* Task to complete
Could you transcribe every entry below exactly, leaving out the pictures?
START Data for processing
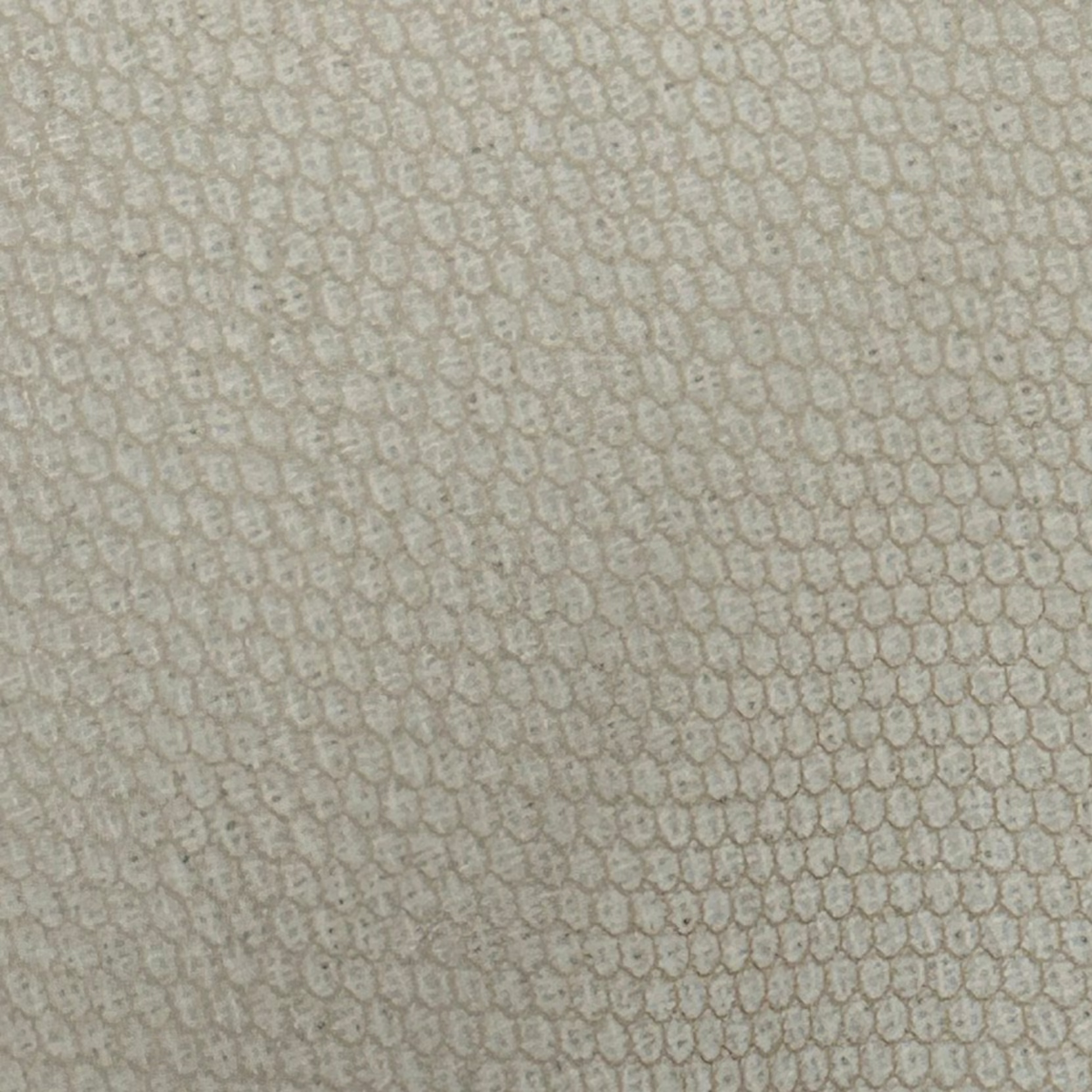 Nylon Tulle MBF001 P9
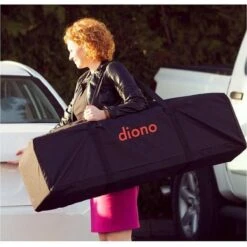 Buggy Reistas - Buggytas - Opbergtas – Travelbag Buggy Transporttas - Universele Buggy Tas – Beschermhoes Voor Buggy's – Diono Buggy Bag -Bekend Babyproducten Winkel 1200x1200 836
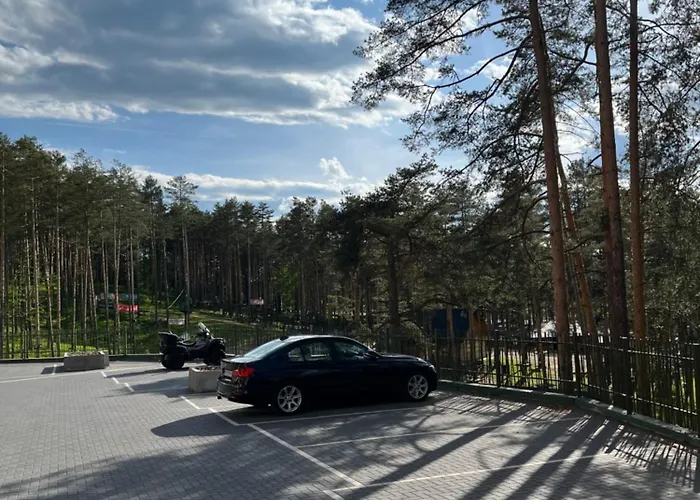 Balkanhill2 S37 Pekovic * 兹拉蒂博尔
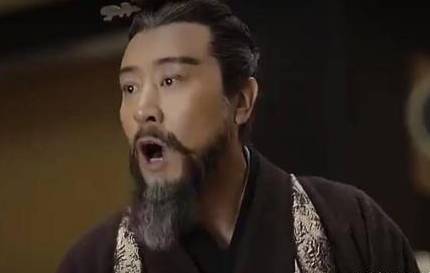 曹昂历史图片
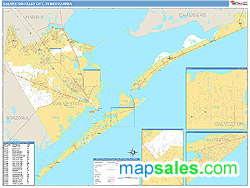galveston texas zip code map galveston texas city tx metro area zip code wall map basic style by marketmaps galveston texas zip code map galveston texas city tx metro area zip code wall map basic style by marketmaps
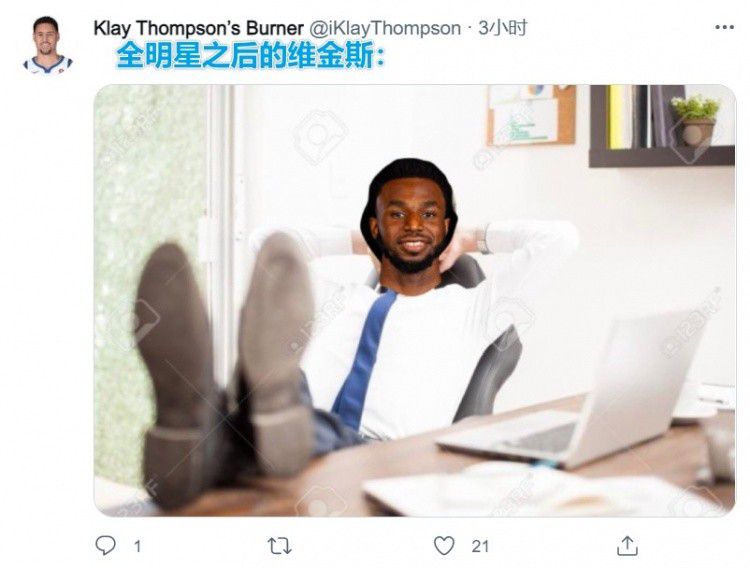完整版在线观看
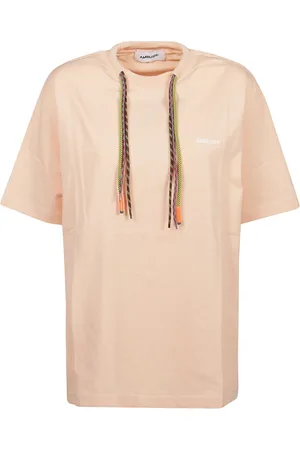 AMBUSH Top, Dame, , XS, Uld, T-shirts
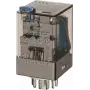 Relé industrial plug-in Finder 3Wf.Fas. 90.73/112 60.13.9.024.0070 (601390240070)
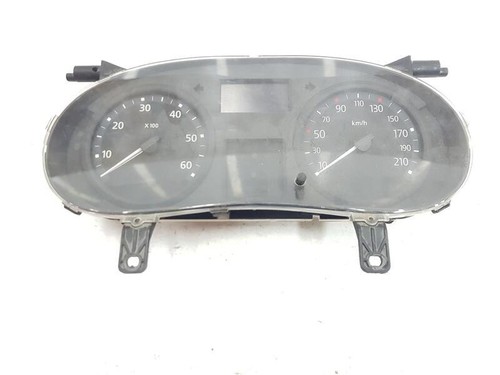 8200283194 tableau bord - tableau,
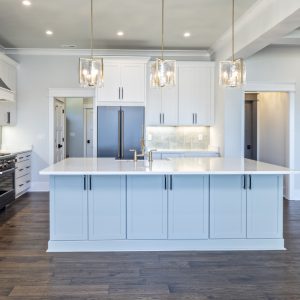 Kitchen 52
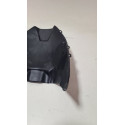 Acabamento Inferior Paralama Honda Pcx 160 23/25 Orig 60485 Preto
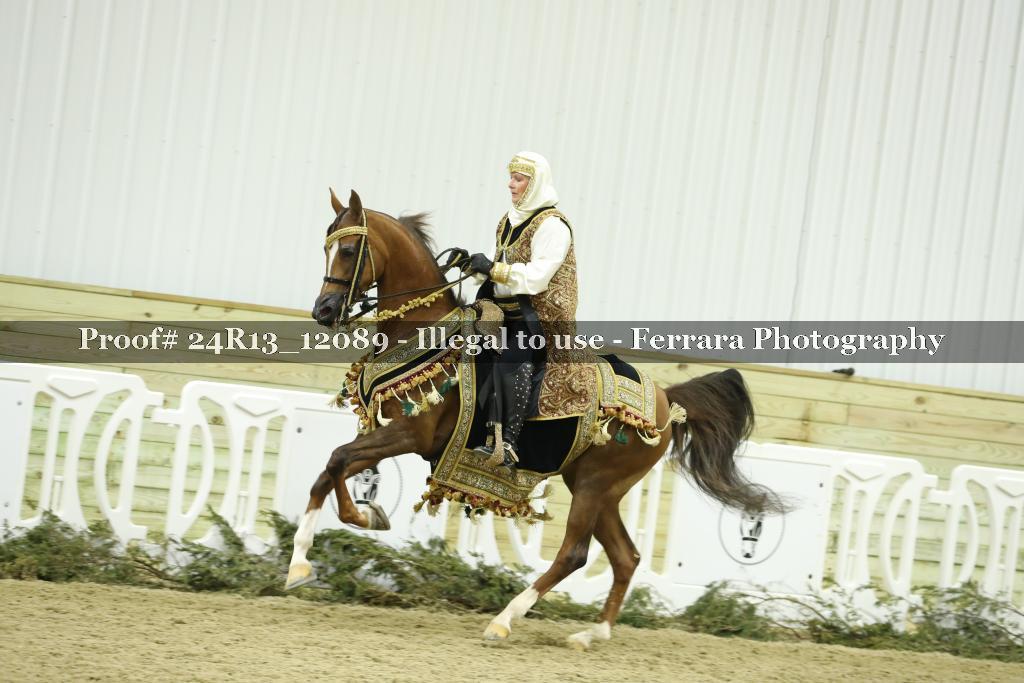 Proof 24R13_12089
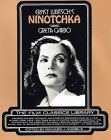 Ernst Lubitsch's Ninotchka:starring Greta Garbo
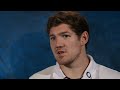 O2 Inside Line: Season 4 Episode 1 - England v Australia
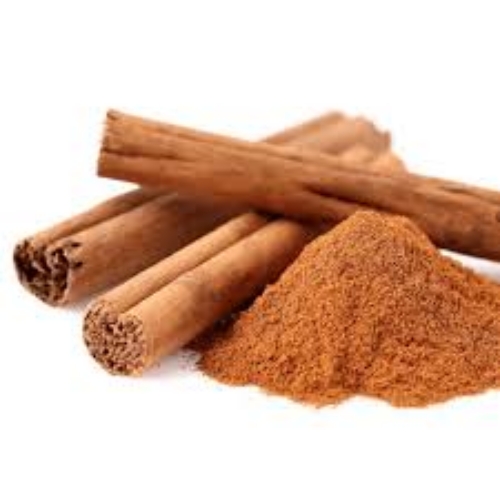 Canela Molida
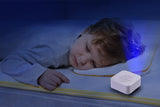 Bcf White Noise Machine for Better Sleep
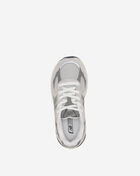 New Balance Pre-School ABZORB 2010 P20104QZ Grey 7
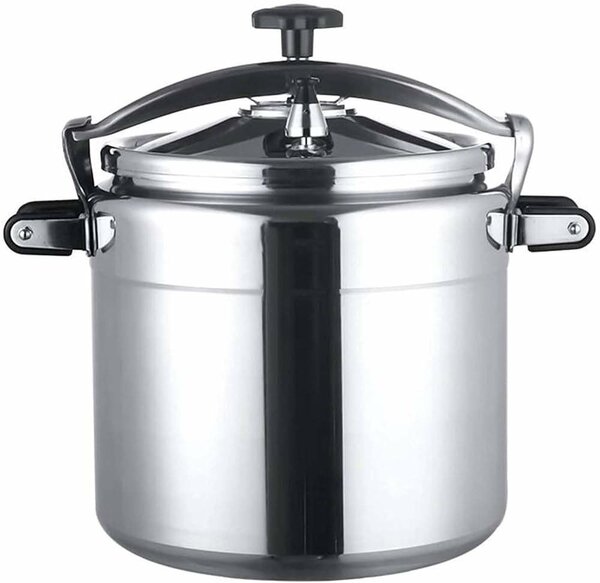 COCOTTE MINUTES 15 L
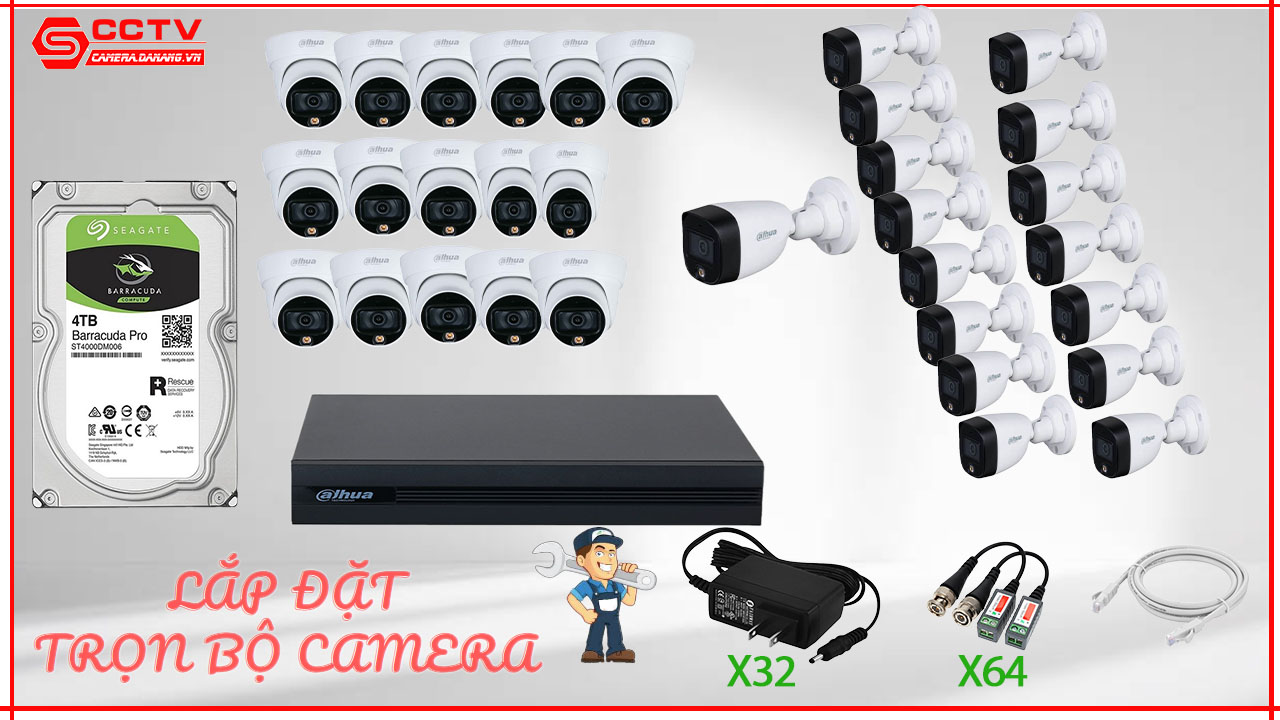 tron-bo-32-camera-dahua-5-0mp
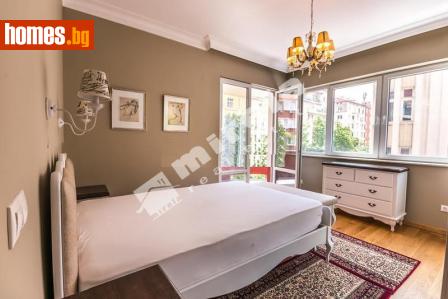 Четиристаен, 150m² - Апартамент под наем - 32783699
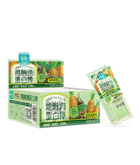 乐天堂·fun88(中国区) - 官方网站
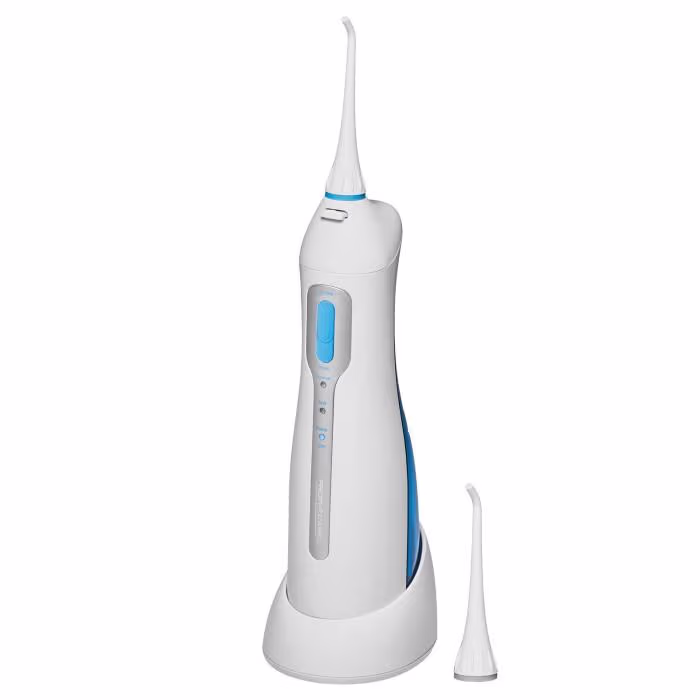 ProfiCare PCMD 3026A Mundskyller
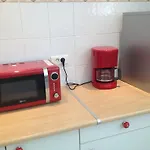 Appartement Balcons De Beaumont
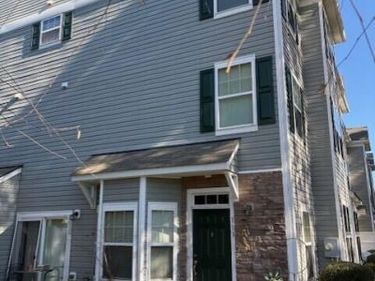 2120 Breezeway Drive, Unit 113, Raleigh, NC 27614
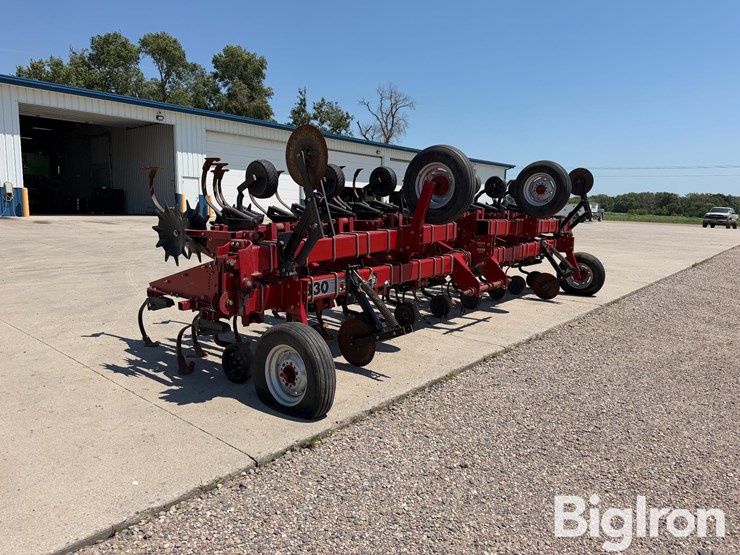 case-ih-1830-image-3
END Data for processing
* Answer below
 Nylon Tulle MBF001 P9
 Buggy Reistas - Buggytas - Opbergtas – Travelbag Buggy Transporttas - Universele Buggy Tas – Beschermhoes Voor Buggy's – Diono Buggy Bag -Bekend Babyproducten Winkel 1200x1200 836
 Balkanhill2 S37 Pekovic * 兹拉蒂博尔
 曹昂历史图片
galveston texas zip code map galveston texas city tx metro area zip code wall map basic style by marketmaps galveston texas zip code map galveston texas city tx metro area zip code wall map basic style by marketmaps
完整版在线观看
 AMBUSH Top, Dame, , XS, Uld, T-shirts
 Relé industrial plug-in Finder 3Wf.Fas. 90.73/112 60.13.9.024.0070 (601390240070)
 8200283194 tableau bord - tableau,
 Kitchen 52
 Acabamento Inferior Paralama Honda Pcx 160 23/25 Orig 60485 Preto
 Proof 24R13_12089
 Ernst Lubitsch's Ninotchka:starring Greta Garbo
 O2 Inside Line: Season 4 Episode 1 - England v Australia
 Canela Molida
 Bcf White Noise Machine for Better Sleep
 New Balance Pre-School ABZORB 2010 P20104QZ Grey 7
 COCOTTE MINUTES 15 L
 tron-bo-32-camera-dahua-5-0mp
 Четиристаен, 150m² - Апартамент под наем - 32783699
 乐天堂·fun88(中国区) - 官方网站
 ProfiCare PCMD 3026A Mundskyller
 Appartement Balcons De Beaumont
 2120 Breezeway Drive, Unit 113, Raleigh, NC 27614
 case-ih-1830-image-3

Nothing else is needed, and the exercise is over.